As a “framework,” the emphasis is on a process or approach, rather than a curriculum, intervention, or practice. The “continuum” notion emphasizes how evidence- or research-based behavioral practices are organized within a multi-tiered system of support, also called “response-to-intervention” Within this definition, the mutually beneficial relationship between academic and social behavior student success is. Finally, the important supportive relationship between positive school- and classroom- wide culture and individual student success is emphasized.
The PBIS framework has a number of defining characteristics. First and foremost, student outcomes serve as the basis for practice selection, data collection, and intervention evaluations. These outcomes are (a) academic and social, (b) individual and small group, and (c) judged on their educational and social value and importance.
Second, rather than focusing on specific packaged or manualized interventions, the PBIS framework highlights specification and adoption of evidence- and research- based practices that characterize packaged programs. These practices are organized to support students across (a) school-wide (e.g., teaching and acknowledging a small number of positively stated behavioral expectations, clear and distinctive definitions for rule violations, and data-decision rules), (b) non-classroom (e.g., active supervision, reminders, teaching setting-specific routines), (c) classroom (e.g., effective academic instruction, active supervision, high praise rates), and (d) individual student (e.g., function-based behavior intervention supports, explicit social skills instruction, wraparound processes) routines.

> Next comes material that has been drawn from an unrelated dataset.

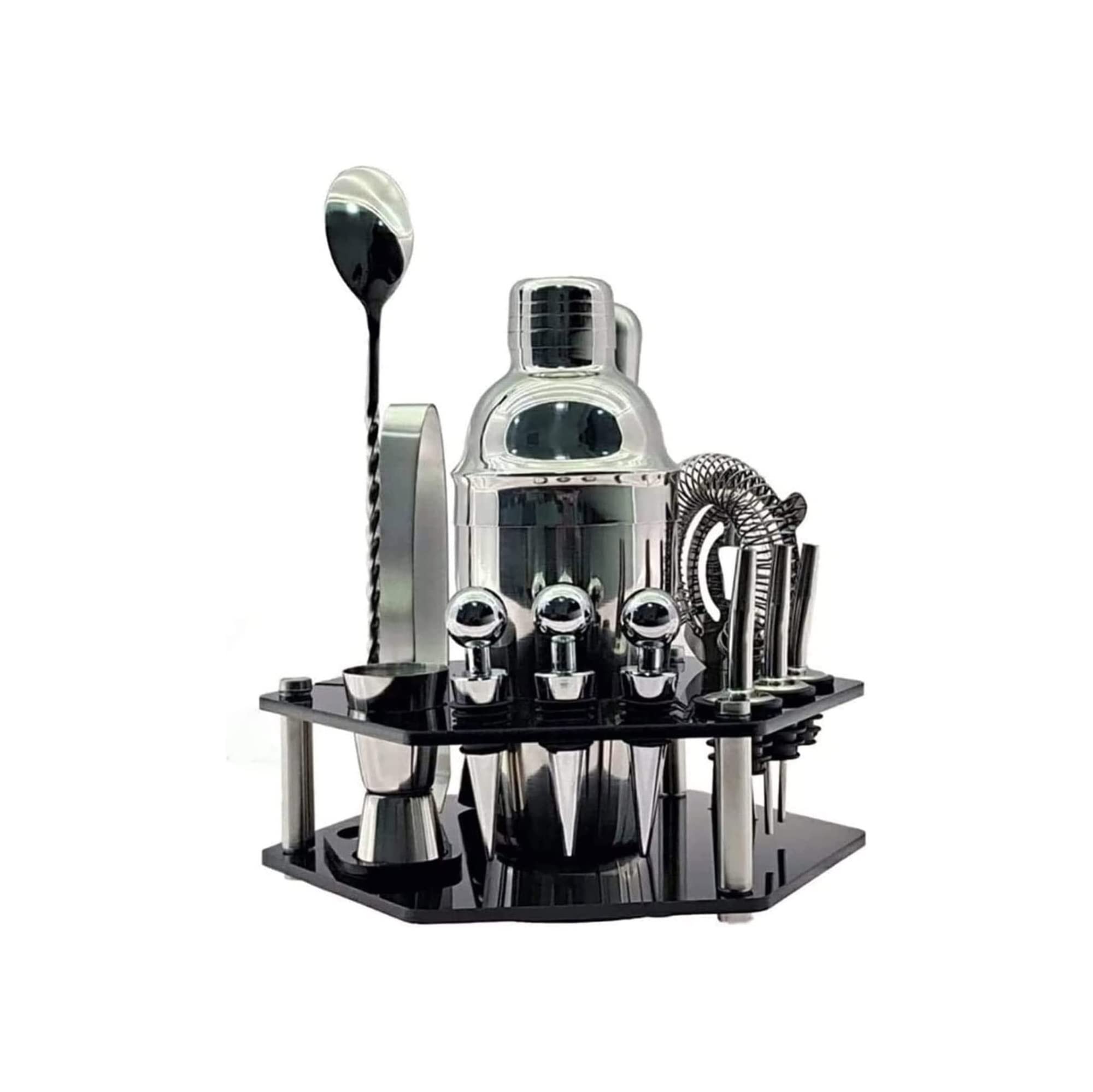 14-Piece Stainless Steel Bartender Cocktail Set with Swivel Hexagon Acrylic Stand - Professional Bar Tools for Mixing, Shaking & Serving - Perfect for Home Bars, Parties & Cocktail Making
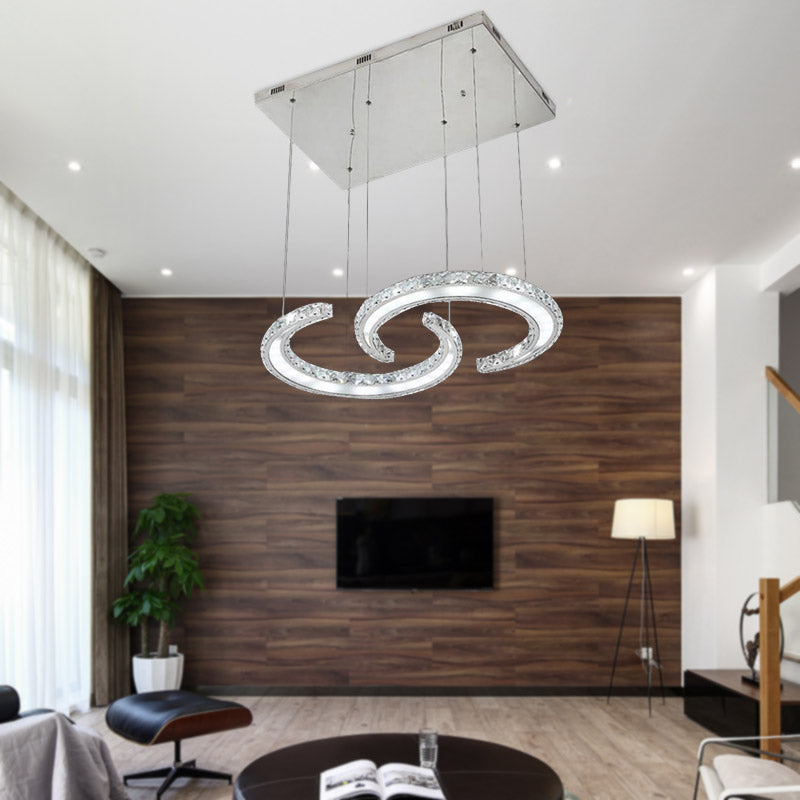 Double C-Shape Suspension Pendant Minimalist K9 Crystal Chrome LED Hanging Chandelier in Warm/White/3 Color Light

Third, consistent with the response-to-intervention approach, PBIS is characterized by the establishment of a continuum of behavior support practices and systems. These practices are unified with procedures for universal screening, continuous progress monitoring, team-based decision making rules and procedures, explicit monitoring of implementation fidelity, and local content expertise and fluency. In addition, the PBIS framework stresses the importance of embedded and continuous professional development, monitoring based on phase of implementation, and systems-based competence and supports (e.g., policy, leadership, funding).
Finally, the effective, efficient, and relevant use of data or information to guide decision-making links the above characteristics. The collection, analysis, and use of data are considered essential for a number of PBIS purposes: (a) need clarification and priority, (b) matching of need and intervention or practice, (c) evaluation of research-base for practice selection, (d) student responsiveness and outcome impact, (e) intervention or practice fidelity, (f) social and ecological validity, and (g) implementation adjust for efficiency, effectiveness, and relevance.
Included in the 16,000 school teams that have been trained on the PBIS implementation framework (especially, tier 1 or primary prevention), are 3 states with more than 60% of schools involved in PBIS implementation, 9 states with more than 40%, and 16 states with more than 30%. This impact reflects efforts by state and district leadership teams to build capacity for sustaining and scaling up their implementation of PBIS. Schools that are effective in their implementation have (a) more than 80% of their students and staff who can indicate the desired positive behavioral expectations for a given school setting, (b) high rates of positive acknowledgements for contributing to a positive and safe school climate, (c) have more than 70-80% of their students who have not experienced an office discipline referral for a disciplinary rule infraction, (d) a good idea about which students require more intensive behavior supports, and (e) systems for regular review of their school-wide behavior data to guide their PBIS action planning and implementation decision making.
In addition, since the 1980s, a number of experimental studies have documented the effectiveness of the PBIS framework at the school-wide level. This body of research supports improvements in problem disciplinary behavior, school climate, organizational health, student bullying behavior and peer victimization, and academic achievement.